WHAT THE TASK ASKS ▸
Quote, exactly, the line holding "4月上旬の京都妙蓮寺にて。桜を背景にお散歩ショット" and all lines after it to the end of the records below. Exclude pictures.

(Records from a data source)
╔══

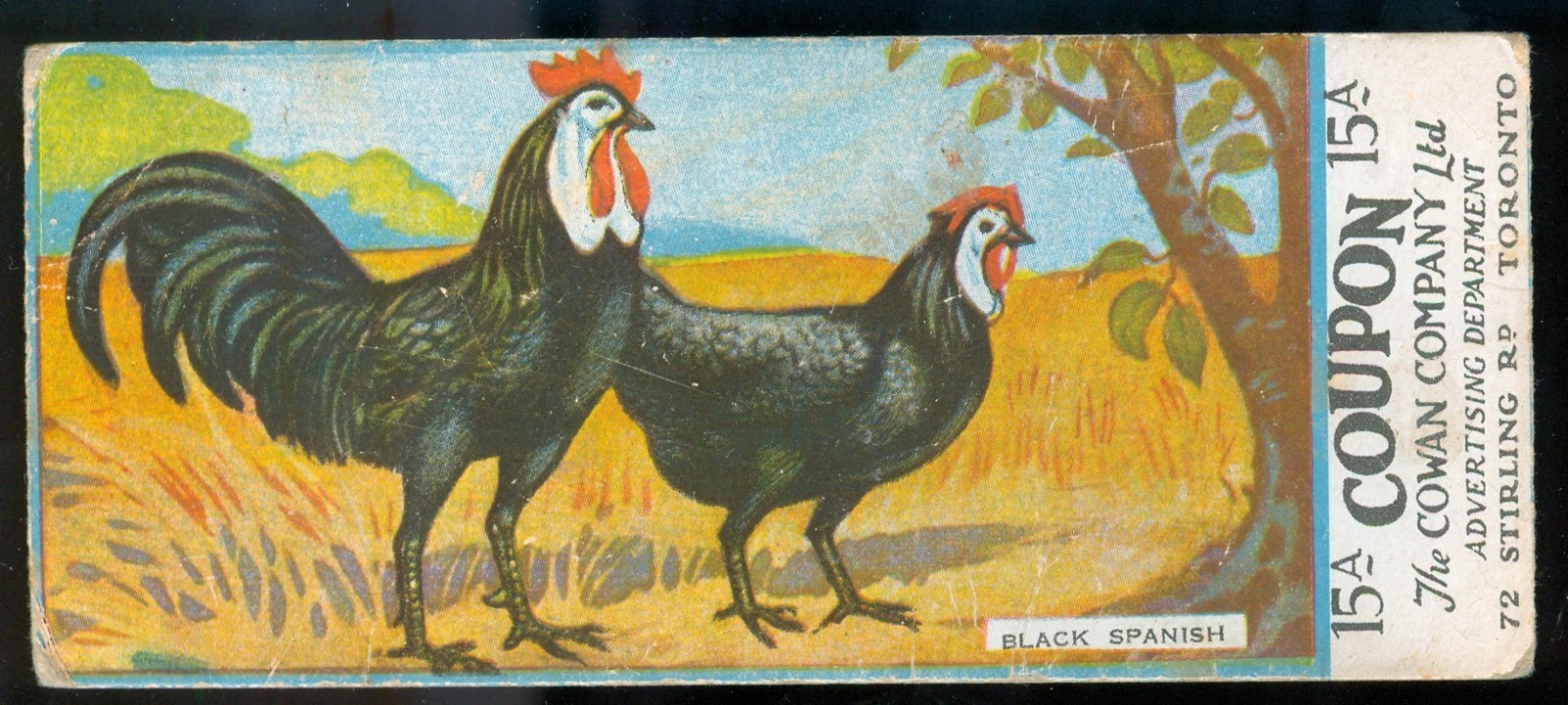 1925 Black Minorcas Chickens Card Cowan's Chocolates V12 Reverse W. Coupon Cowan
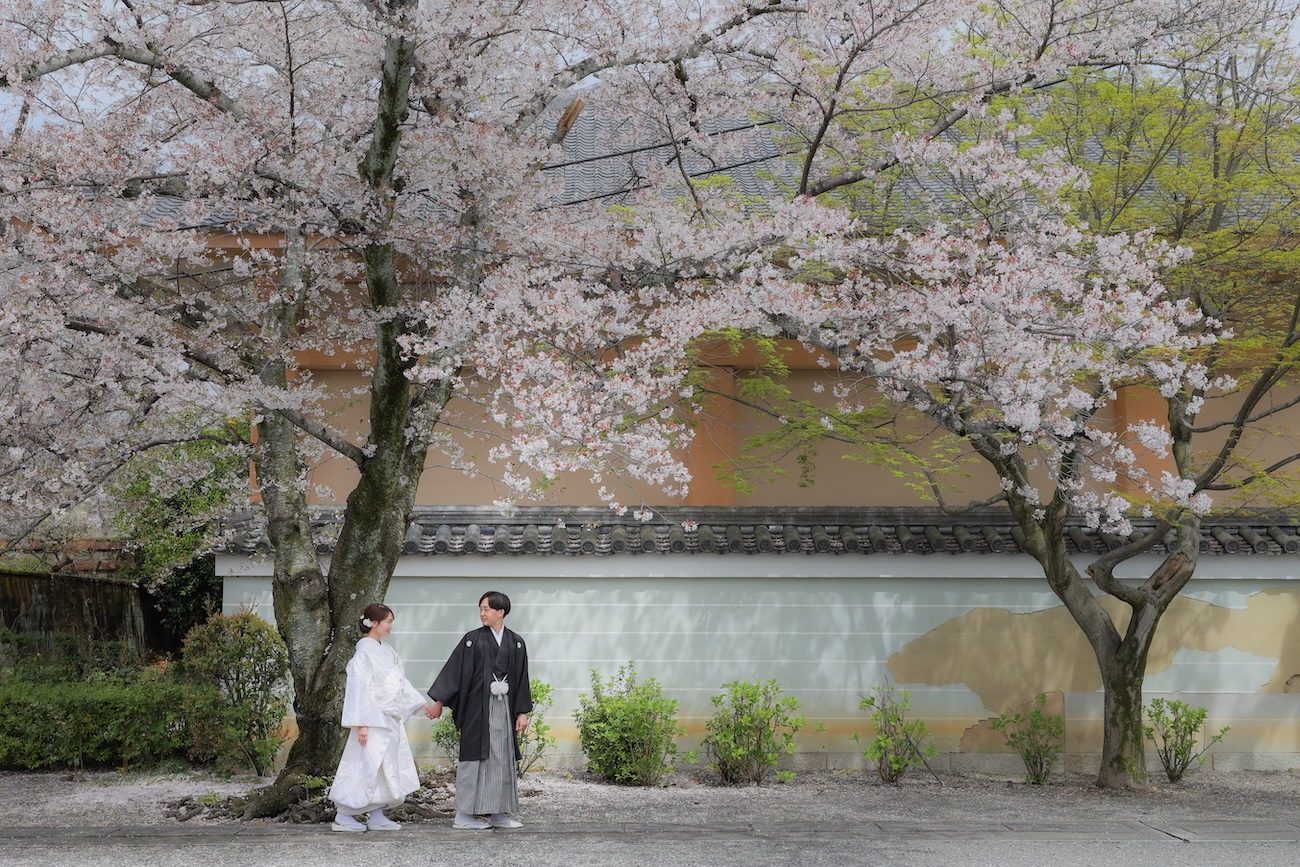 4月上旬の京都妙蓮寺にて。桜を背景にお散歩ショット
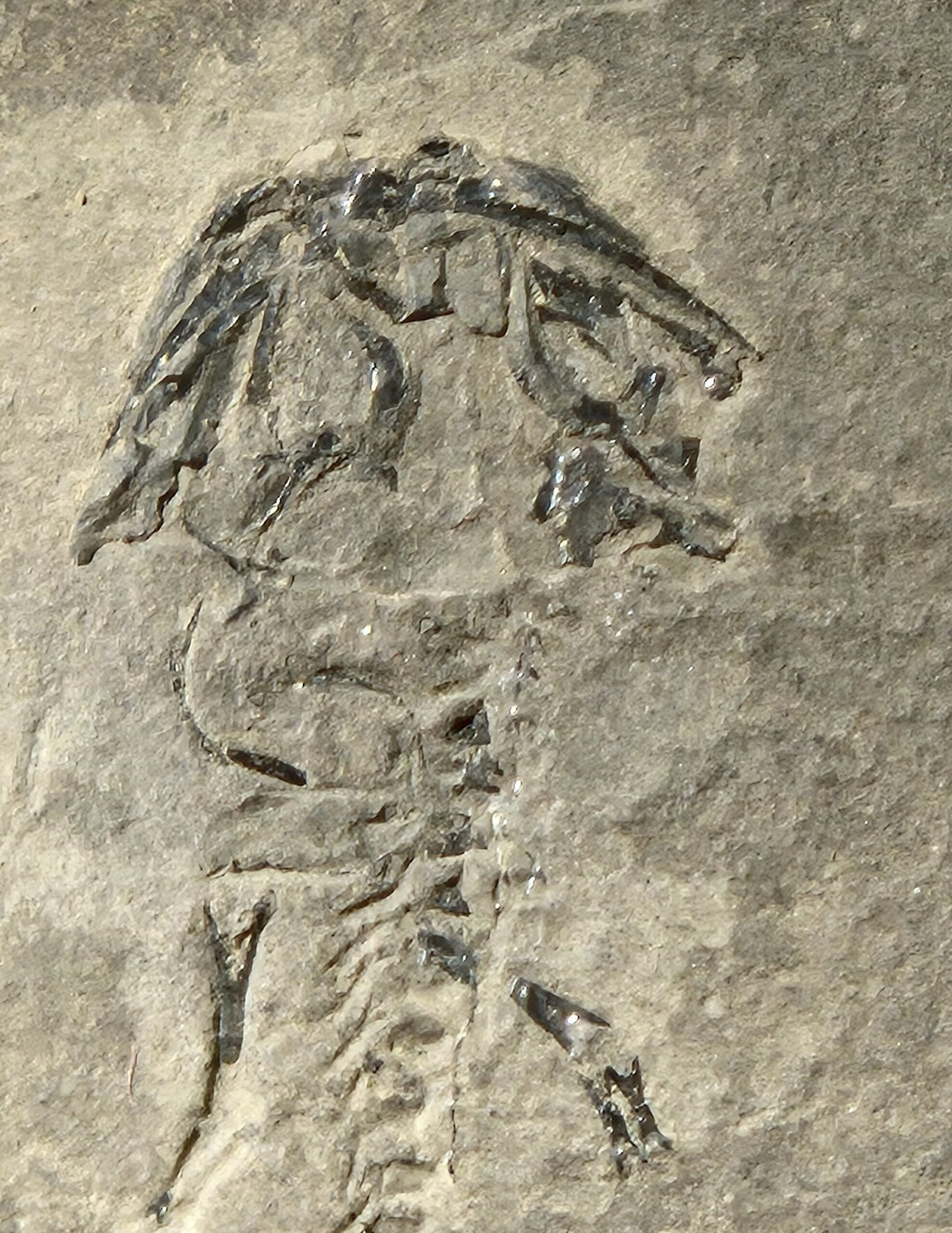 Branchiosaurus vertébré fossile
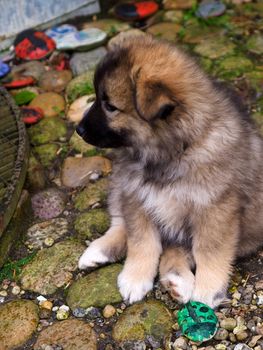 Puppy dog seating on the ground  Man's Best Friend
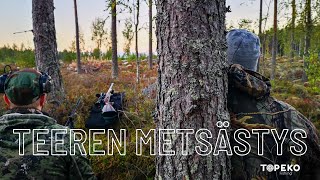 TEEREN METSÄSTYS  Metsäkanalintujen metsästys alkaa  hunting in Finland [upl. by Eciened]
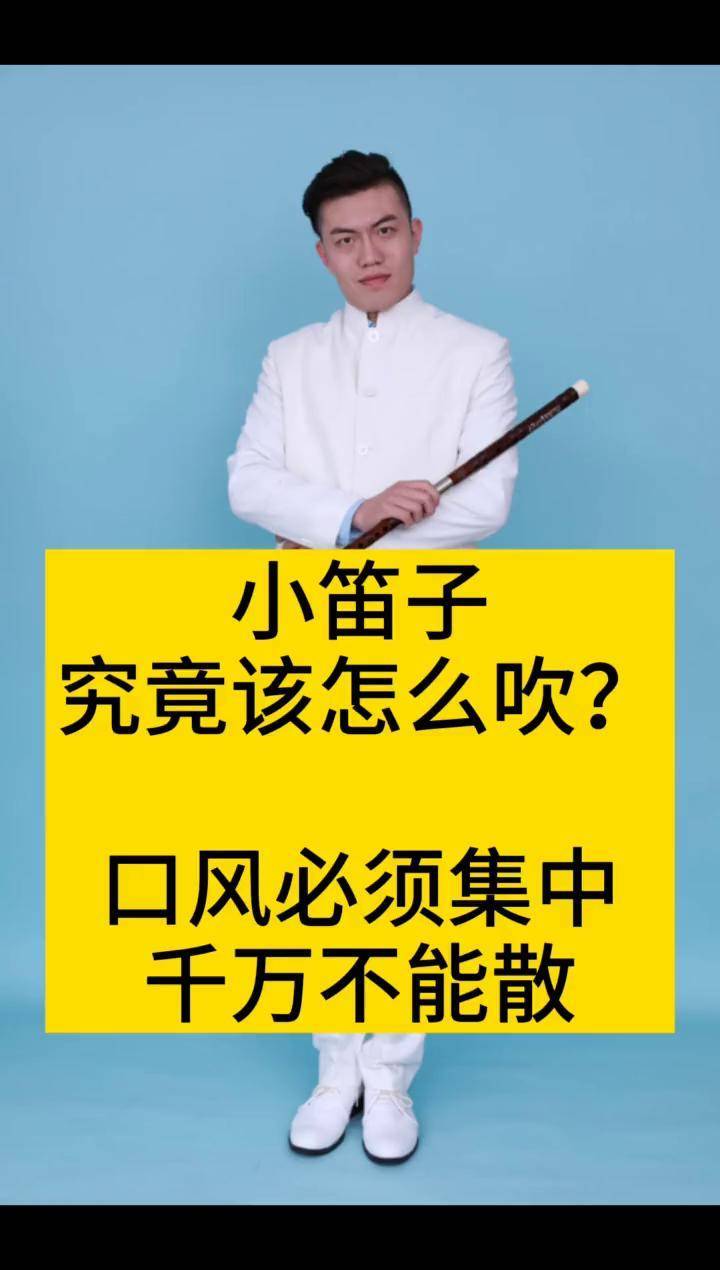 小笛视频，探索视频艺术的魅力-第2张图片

╚══

TASK ANSWER ▸
 4月上旬の京都妙蓮寺にて。桜を背景にお散歩ショット
 Branchiosaurus vertébré fossile
 Puppy dog seating on the ground  Man's Best Friend
 TEEREN METSÄSTYS  Metsäkanalintujen metsästys alkaa  hunting in Finland [upl. by Eciened]
 小笛视频，探索视频艺术的魅力-第2张图片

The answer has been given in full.